One of United Way’s flagship programs, Attendance Matters, aims to reduce absenteeism at local schools. Through the Lunch Buddy program, it pairs local mentors with students with high rates of absenteeism.
Ayers said there’s a need for more volunteers.
A push for a complete census
United Way will spearhead efforts to get a complete count for the 2020 census. The agency applied for and recently received a $40,000 grant from the Washington Census Equity Fund to work on outreach, communication and training.
“Federal dollars are driven by census counts. In 2010, we were 25 percent to 27 percent undercounted. We looked a lot smaller to funding sources,” Ayers said.
That percentage is expected to improve with intervention and a public awareness campaign.
Way will use the grant money to create public service announcements and
multimedia campaigns to equip employers, pastors and leaders with the tools
they need to educate. It also hopes to plan events to allow census takers to
reach the homeless population.
The Tri-Cities Counts committee launches this month.
Fears concerning identity theft, a growing immigrant population, limited access to technology, shorter attention spans and distrust of the government could prevent people from filling out the census.
“The hardest to count are families of young children, those with limited language and education, and people who are refugees and immigrants,” Ayers said.

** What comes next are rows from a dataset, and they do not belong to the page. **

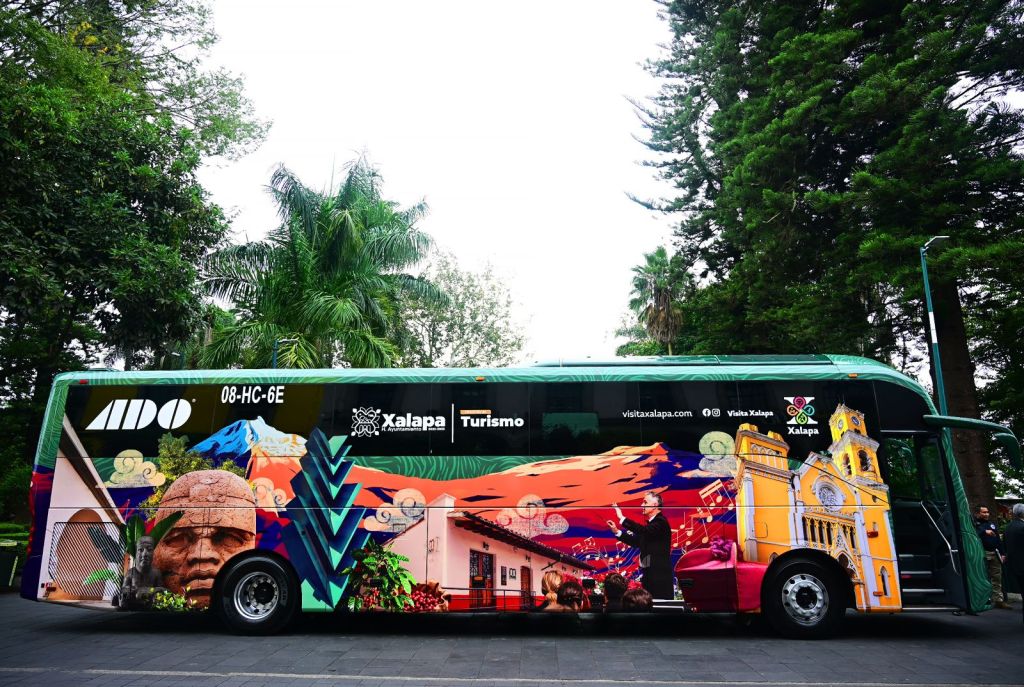 Se incorpora Xalapa a Galería Rodante del Grupo&nbsp;ADO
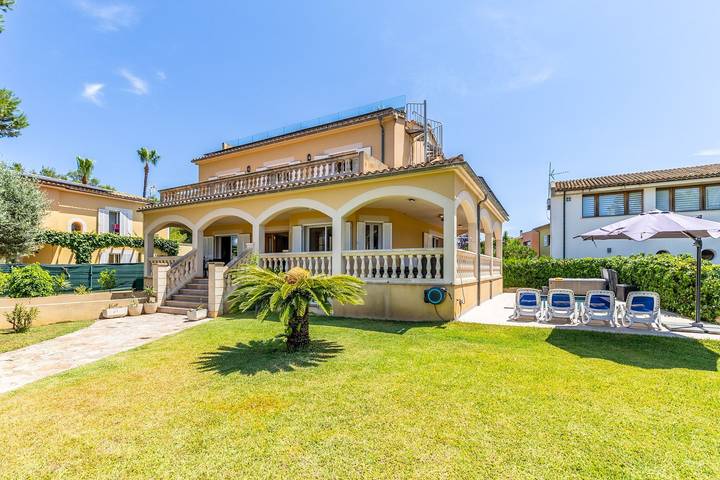Villa für 10 Personen, mit Garten und Whirlpool sowie Terrasse in Alcúdia - 2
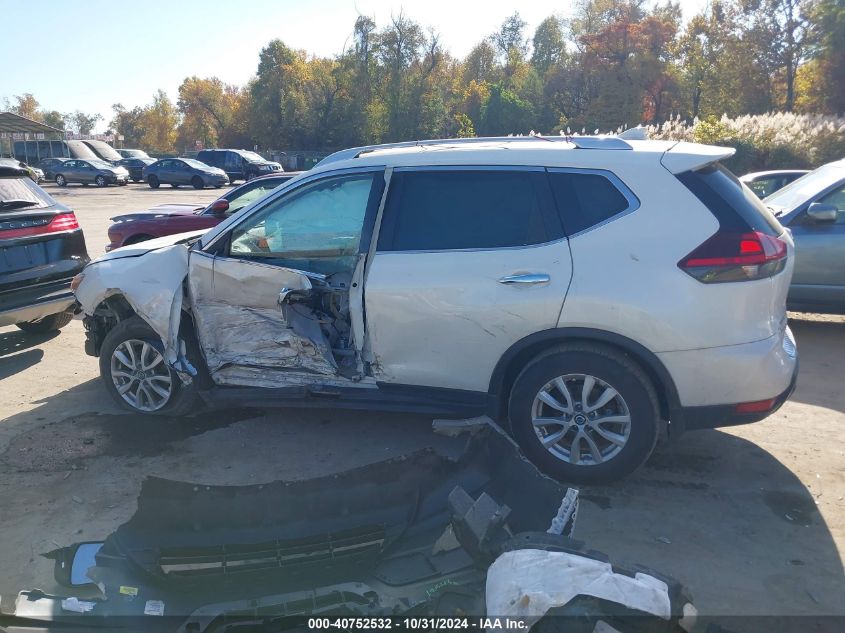 2019 Nissan Rogue Sv VIN: KNMAT2MV8KP520812 Lot: 40752532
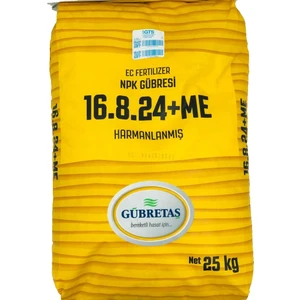 16.8.24+Me  25 kg Damlama Gübresi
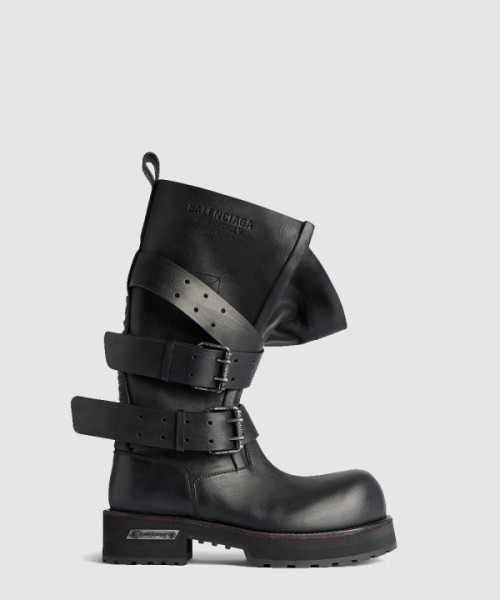 발렌시아가 베놈 하이 부츠 833592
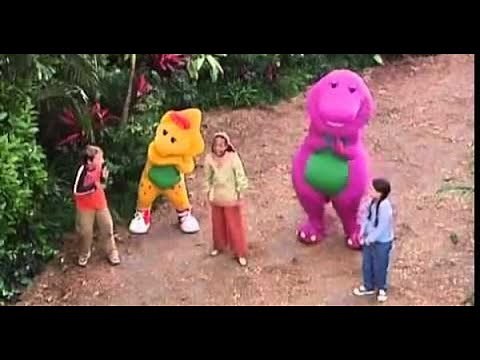 Barney The Land of Make Believe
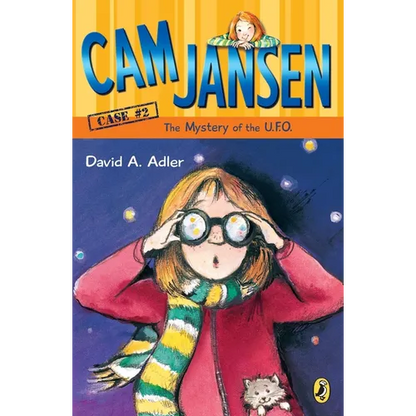 CAM Jansen: The Mystery of the U.F.O. #2 - Paperback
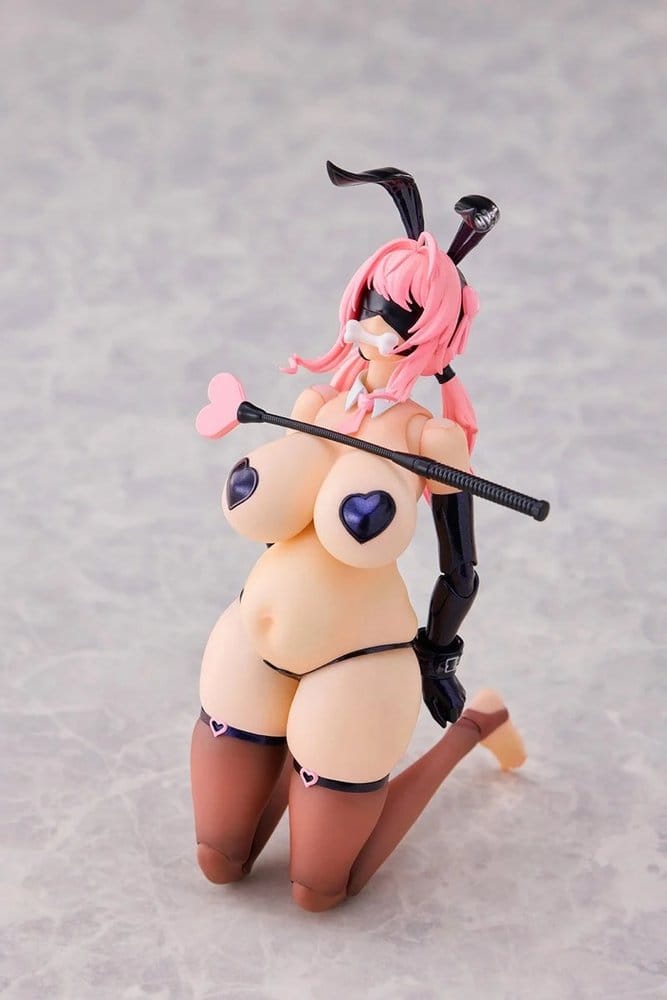 Original Character Action Figure 1/12 Reverse Bunny Girl Nicole Optional Part Set  6977491190296
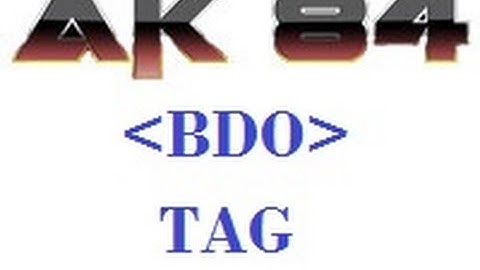 html 5 tutorial in hindi 22 bdo tag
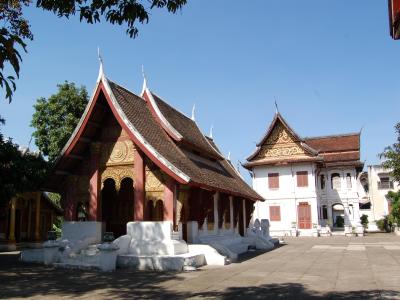 La pagode de Vat Souvannakhiri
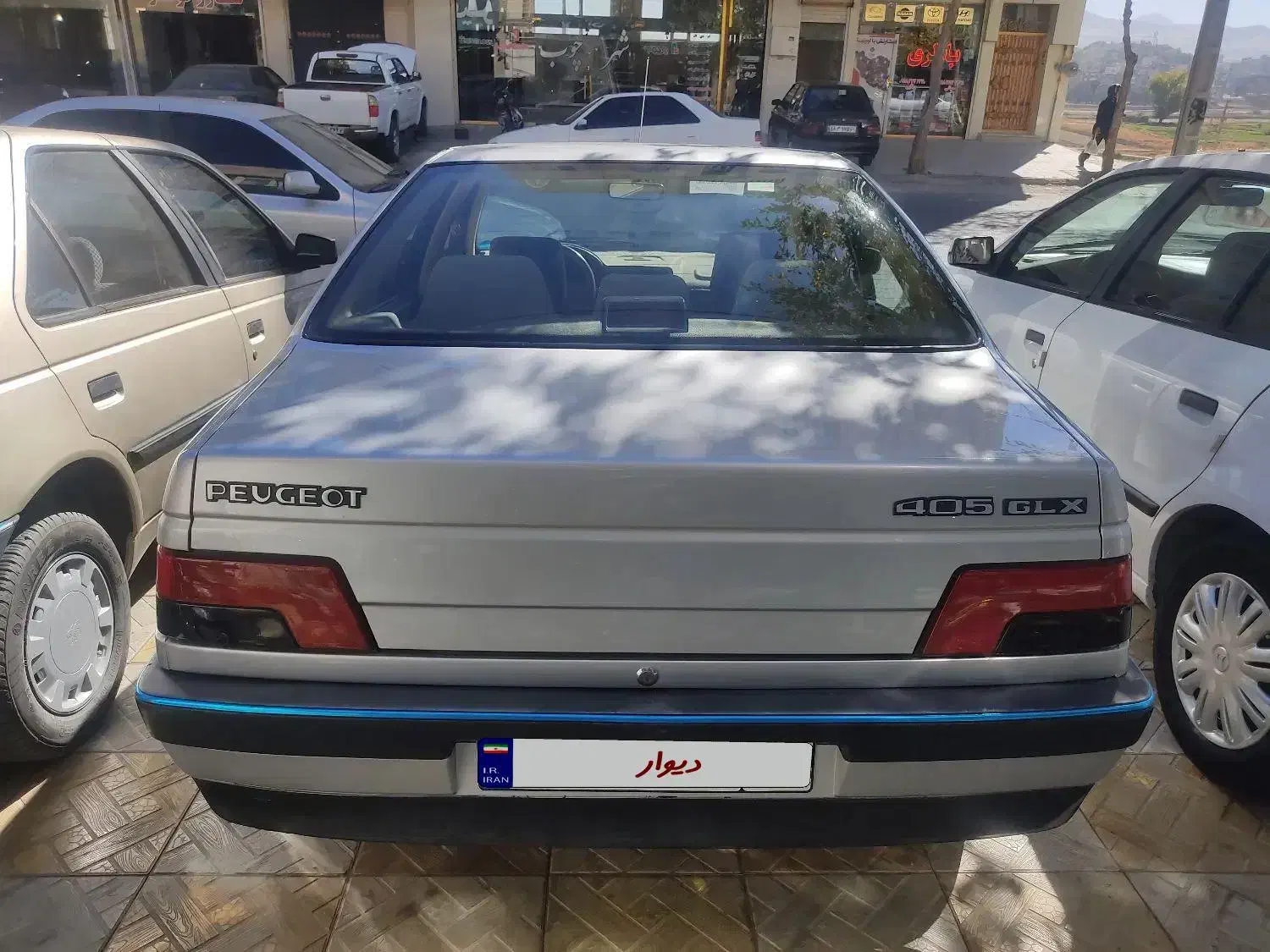 پژو 405 GLX - دوگانه سوز - 1394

The state Office of Financial Management estimates that for every person not counted in the 2020 census, the state would lose nearly $2,000 per person per year in federal program funding.
“If you’re an individual, or family, that affects Pell Grants, free and reduced lunch, WIC (a federal nutrition program for women, infants, and children) and SNAP (federal Supplemental Nutrition Assistance Program), and public housing. For business that could mean less money for public infrastructure and transportation, and business loans,” Ayers said.
“We’re going to continue to grow, but have less access to money. It’s super important that people understand that,” Ayers added.